L'abus de gravité dans l'accent d'un discours doit donc s'interprétrer comme l'inconscient désir de son contraire …
La plume du porte-plume s'avéra bifide, parce qu'il n'est plus chez les représentants de cette caste qu'ivresse d'éther au-dessus des basses contingences humaines, quand leur balourdise occasionne des chutes que Dante a narrées dans son Enfer. C'est ainsi que Visconti peignit la classe des prétendus élus aux couleurs des Damnés.
Mais nous avions posé une question : l'Occident est-il prêt pour la démocratie ? 

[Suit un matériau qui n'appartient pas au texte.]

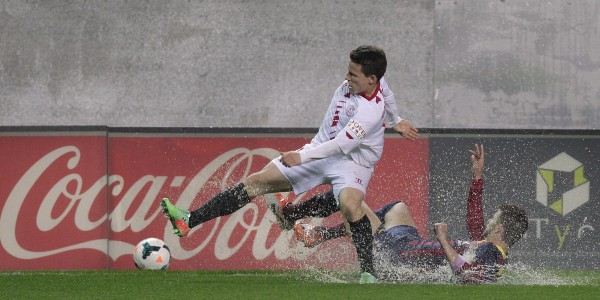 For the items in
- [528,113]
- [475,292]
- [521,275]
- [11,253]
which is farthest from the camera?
[528,113]

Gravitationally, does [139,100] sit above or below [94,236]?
above

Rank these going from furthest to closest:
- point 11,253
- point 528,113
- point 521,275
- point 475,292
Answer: point 528,113
point 11,253
point 521,275
point 475,292

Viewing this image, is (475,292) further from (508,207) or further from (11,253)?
(11,253)

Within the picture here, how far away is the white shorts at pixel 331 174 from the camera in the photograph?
8.73 meters

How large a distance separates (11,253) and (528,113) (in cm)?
551

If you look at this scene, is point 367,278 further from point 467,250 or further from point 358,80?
point 358,80

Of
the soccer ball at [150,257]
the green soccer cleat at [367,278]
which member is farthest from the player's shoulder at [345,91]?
the soccer ball at [150,257]

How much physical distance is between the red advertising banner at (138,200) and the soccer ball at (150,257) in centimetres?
99

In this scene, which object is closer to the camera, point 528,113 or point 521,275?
point 521,275

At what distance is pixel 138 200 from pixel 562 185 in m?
3.43

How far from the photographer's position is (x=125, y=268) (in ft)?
37.4

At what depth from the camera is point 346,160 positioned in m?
8.79

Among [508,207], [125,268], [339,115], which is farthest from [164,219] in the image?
[508,207]

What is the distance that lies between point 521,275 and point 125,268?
10.4ft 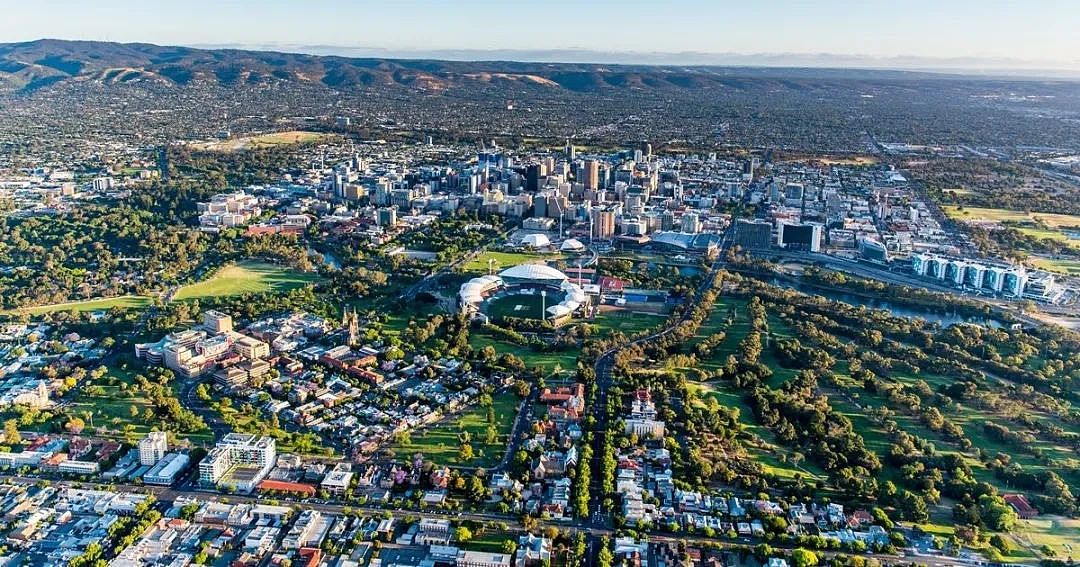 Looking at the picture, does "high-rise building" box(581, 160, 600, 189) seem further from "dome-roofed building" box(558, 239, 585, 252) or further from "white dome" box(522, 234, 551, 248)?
"dome-roofed building" box(558, 239, 585, 252)

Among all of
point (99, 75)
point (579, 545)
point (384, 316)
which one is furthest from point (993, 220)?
point (99, 75)

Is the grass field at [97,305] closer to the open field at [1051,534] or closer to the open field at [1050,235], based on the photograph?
the open field at [1051,534]

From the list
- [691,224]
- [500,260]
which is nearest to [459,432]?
[500,260]

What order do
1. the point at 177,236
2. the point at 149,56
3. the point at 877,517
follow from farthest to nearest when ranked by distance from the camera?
the point at 149,56 < the point at 177,236 < the point at 877,517

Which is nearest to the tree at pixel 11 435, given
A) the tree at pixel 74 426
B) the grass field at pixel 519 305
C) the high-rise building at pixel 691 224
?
the tree at pixel 74 426

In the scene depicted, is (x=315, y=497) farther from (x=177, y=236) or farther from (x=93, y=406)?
(x=177, y=236)

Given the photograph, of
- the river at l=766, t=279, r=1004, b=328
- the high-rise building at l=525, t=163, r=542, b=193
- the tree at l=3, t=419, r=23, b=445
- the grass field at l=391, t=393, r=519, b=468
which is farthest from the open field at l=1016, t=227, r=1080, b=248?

Supposant que l'on souscrive au bien-fondé d'une logique selon laquelle se divise en deux races l'humanité : celle qui dispose du Capital et celle qui ne possède pour survivre que sa force de travail, celle-ci n'ayant d'autre raison d'être que d'assurer le profit maximum de celle-là : moyennant l'adhésion à un tel présupposé, le capitalisme peut être compatible avec la démocratie. Mais si, contre la totalité des moyens de manipulation & de mystification de la mémoire des masses (M5), était mis en question ce postulat ?  S'il n'était plus considéré comme conforme à une minimale dignité humaine de vendre au plus offrant sa force de travail sur un marché des plus précaires (cette précarité de la survie elle-même devenant l'attribut majeur de l'immense majorité des existences) ?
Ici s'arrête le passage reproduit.